Aus dieser Vision Sangharakshitas entstand 1967 – vor genau 50 Jahren – der Buddhistische Orden Triratna (ehemals Westlicher Buddhistischer Orden) und ein Jahr später die Buddhistische Gemeinschaft Triratna (ehemals Freunde des Westlichen Buddhistischen Ordens). Mittlerweile zählt Triratna mehr als 65 Zentren und Gruppen in 28 Ländern, 13 davon in Deutschland.

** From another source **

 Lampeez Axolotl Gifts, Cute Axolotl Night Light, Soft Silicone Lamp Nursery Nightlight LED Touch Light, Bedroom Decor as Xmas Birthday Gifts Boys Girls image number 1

Welchen Ansatz verfolgt Triratna also, um der Lehre des Buddha ein zeitgemäßes und für Menschen im Westen effektiv praktizierbares Gewand zu geben? Das Hauptprinzip ist einfach: „Back to the basics!“ – eine Rückbesinnung auf die Grundprinzipien des Buddhismus, die von allen existierenden buddhistischen Traditionen akzeptiert und praktiziert werden. Sangharakshita sagt hierzu:

„Ich glaube, der Berg [von buddhistischen Praktiken] ist so hoch geworden, dass wir einfach zurückgehen müssen. Sonst haben wir Anhäufungen über Anhäufungen verschiedener Praktiken, die einander im Laufe der Zeit abgelöst haben. Du kannst ebenso gut einfach alle späteren Entwicklungen fallen lassen und zum Ursprünglichen zurückkehren, zu dem, was näher an der Zeit des Buddha und am Buddha selbst liegt. Wir können dies dank unserer historischen Perspektive [auf die Entwicklung des Buddhismus] tun, wohingegen die meisten Buddhisten diese Möglichkeit bisher nicht hatten.“

Aus dieser Rückbesinnung auf die Kernlehren des Buddha und das bewusste kritische Hinterfragen all der kulturellen Anhäufungen, die sich im Laufe der letzten 2.500 Jahre herausgebildet haben, ergeben sich eine Reihe von Schwerpunkten, die buddhistische Praxis im Kontext von Triratna charakterisieren:

  • Ein „ökumenischer“ Ansatz: Wir suchen nach den grundlegenden Prinzipien und Wahrheiten hinter den spezifischen kulturellen Formen des Buddhismus und ziehen dabei sowohl Inspiration als auch Praktiken aus der gesamten buddhistischen Tradition.
  • Die Zentralität von Zufluchtnahme: Am wichtigsten ist unsere Selbstverpflichtung zu spirituellem Wachstum, während die Art und Weise, wie wir diese Selbstverpflichtung in die Praxis umsetzen, von Person zu Person und von Lebensabschnitt zu Lebensabschnitt variiert.
  • Die Einheit des Ordens und der Gemeinschaft: Wir bieten einen offenen und inklusiven Kontext spiritueller Praxis für alle – es werden keine Unterschiede auf Basis von Geschlecht, Herkunft, Nationalität, Alter oder sexueller Orientierung gemacht.
  • Die Wichtigkeit von Freundschaft: Tiefe Freundschaften, sowohl mit erfahreneren Praktizierenden als auch mit denjenigen, die auf einer ähnlichen Ebene wie wir praktizieren, ist aus unserer Sicht ein zentraler Teil effektiver spiritueller Praxis.
  • Die Wichtigkeit von Arbeit: Arbeit, besonders solche, die eine altruistische oder spirituelle Motivation hat, erlaubt es uns, unsere Energie zu unserem eigenen Wohl und zum Wohl anderer einzusetzen und so Stagnation und Untätigkeit zu vermeiden.
  • Die Wichtigkeit von Kunst: Kunst erweitert unsere Vorstellungskraft, verfeinert unser emotionales Erleben und richtet unsere Emotionen auf heilsamere Geisteszustände aus und kann spirituelle Werte auf ästhetische Art und Weise kommunizieren.